# THE RECORDS
------------

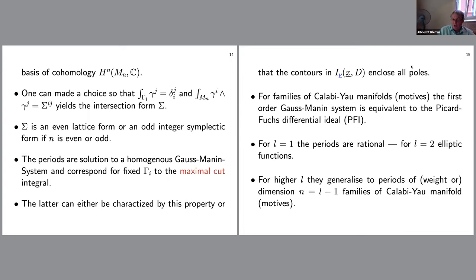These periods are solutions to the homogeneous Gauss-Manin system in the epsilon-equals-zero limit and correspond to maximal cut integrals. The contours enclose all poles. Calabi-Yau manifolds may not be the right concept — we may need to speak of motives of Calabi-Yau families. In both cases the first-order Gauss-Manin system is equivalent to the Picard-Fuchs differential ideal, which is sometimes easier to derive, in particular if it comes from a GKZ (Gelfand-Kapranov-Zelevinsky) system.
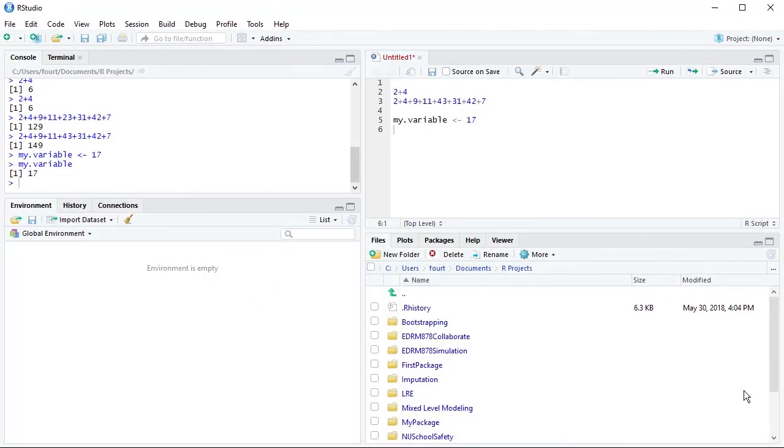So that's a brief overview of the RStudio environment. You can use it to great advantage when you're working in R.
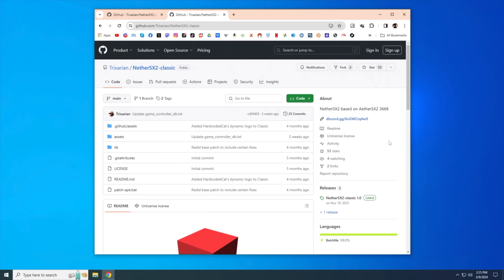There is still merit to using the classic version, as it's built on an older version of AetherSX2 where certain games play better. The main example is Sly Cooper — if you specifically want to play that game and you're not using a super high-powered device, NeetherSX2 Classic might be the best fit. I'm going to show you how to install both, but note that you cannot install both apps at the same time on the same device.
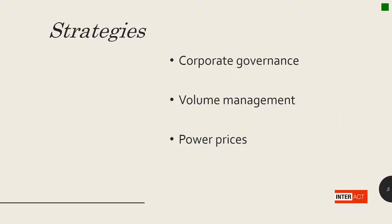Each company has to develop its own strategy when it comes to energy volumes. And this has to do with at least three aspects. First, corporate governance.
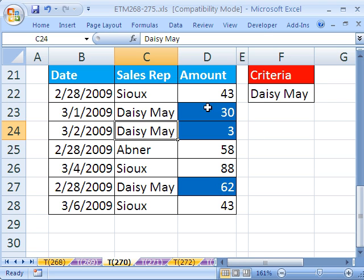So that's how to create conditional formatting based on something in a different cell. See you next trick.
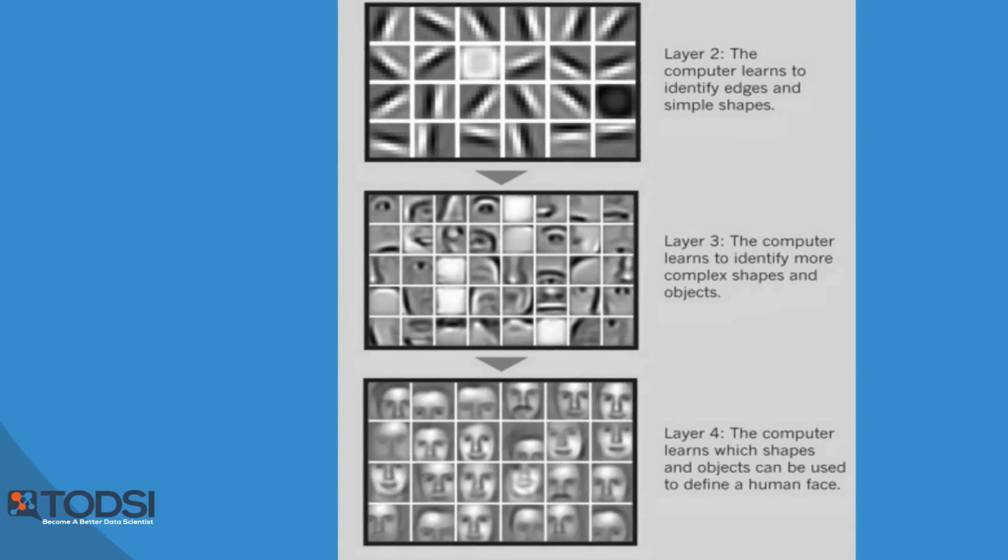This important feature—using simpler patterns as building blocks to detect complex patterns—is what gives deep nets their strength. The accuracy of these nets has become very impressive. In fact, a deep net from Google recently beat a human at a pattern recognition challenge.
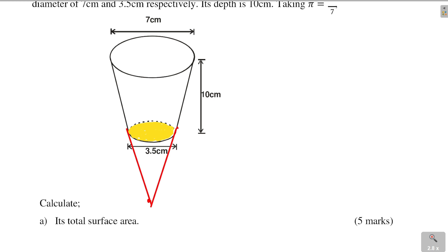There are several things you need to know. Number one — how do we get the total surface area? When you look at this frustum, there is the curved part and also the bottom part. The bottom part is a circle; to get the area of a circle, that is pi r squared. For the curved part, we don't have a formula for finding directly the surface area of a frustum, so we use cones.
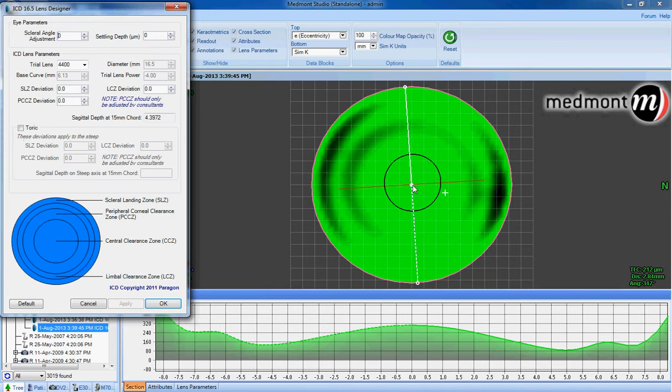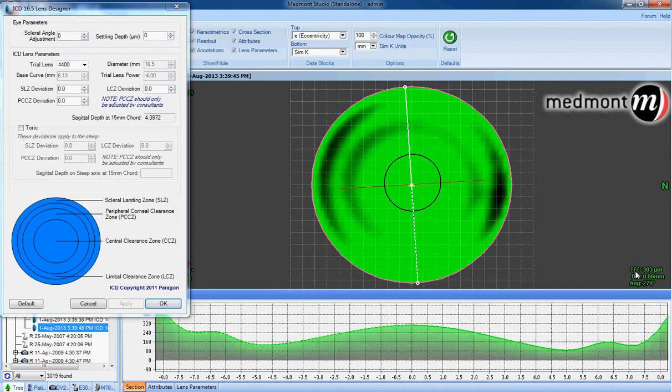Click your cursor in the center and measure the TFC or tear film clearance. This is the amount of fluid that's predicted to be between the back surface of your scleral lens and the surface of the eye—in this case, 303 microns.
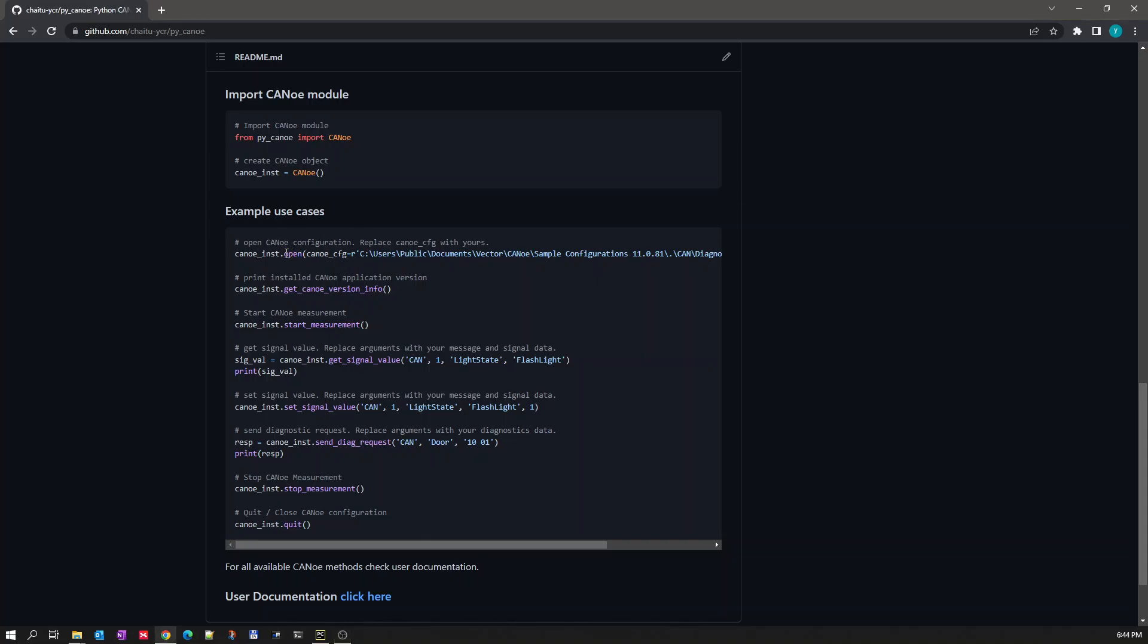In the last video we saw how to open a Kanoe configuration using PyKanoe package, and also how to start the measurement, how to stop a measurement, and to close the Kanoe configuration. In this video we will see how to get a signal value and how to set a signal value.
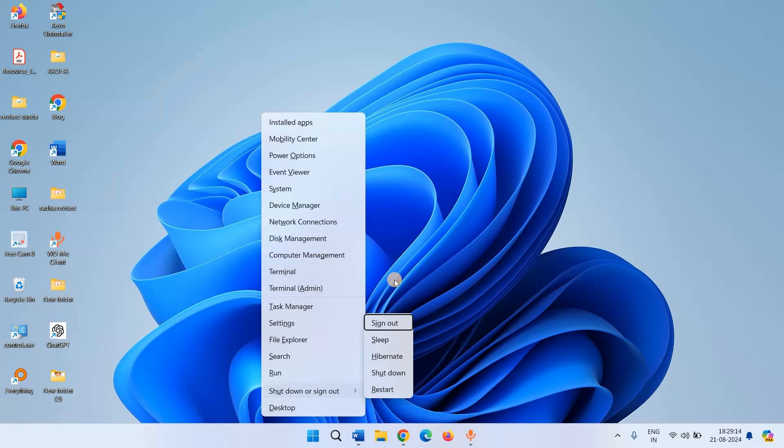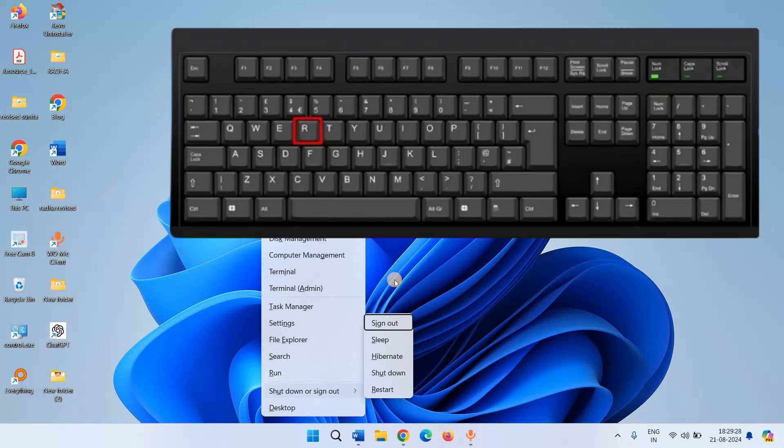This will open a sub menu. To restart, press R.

------------

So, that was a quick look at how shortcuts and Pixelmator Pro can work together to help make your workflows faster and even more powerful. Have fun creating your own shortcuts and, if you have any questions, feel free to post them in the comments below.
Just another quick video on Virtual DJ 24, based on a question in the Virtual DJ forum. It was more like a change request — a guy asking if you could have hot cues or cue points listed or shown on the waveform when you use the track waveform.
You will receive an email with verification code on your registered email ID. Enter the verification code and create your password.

------------

# WORK TASK
Every line from the line containing "So, that was" through the line containing "You will receive" in the records above must be retyped exactly. Leave out the rest.

# EXERCISE SOLUTION
So, that was a quick look at how shortcuts and Pixelmator Pro can work together to help make your workflows faster and even more powerful. Have fun creating your own shortcuts and, if you have any questions, feel free to post them in the comments below.
Just another quick video on Virtual DJ 24, based on a question in the Virtual DJ forum. It was more like a change request — a guy asking if you could have hot cues or cue points listed or shown on the waveform when you use the track waveform.
You will receive an email with verification code on your registered email ID. Enter the verification code and create your password.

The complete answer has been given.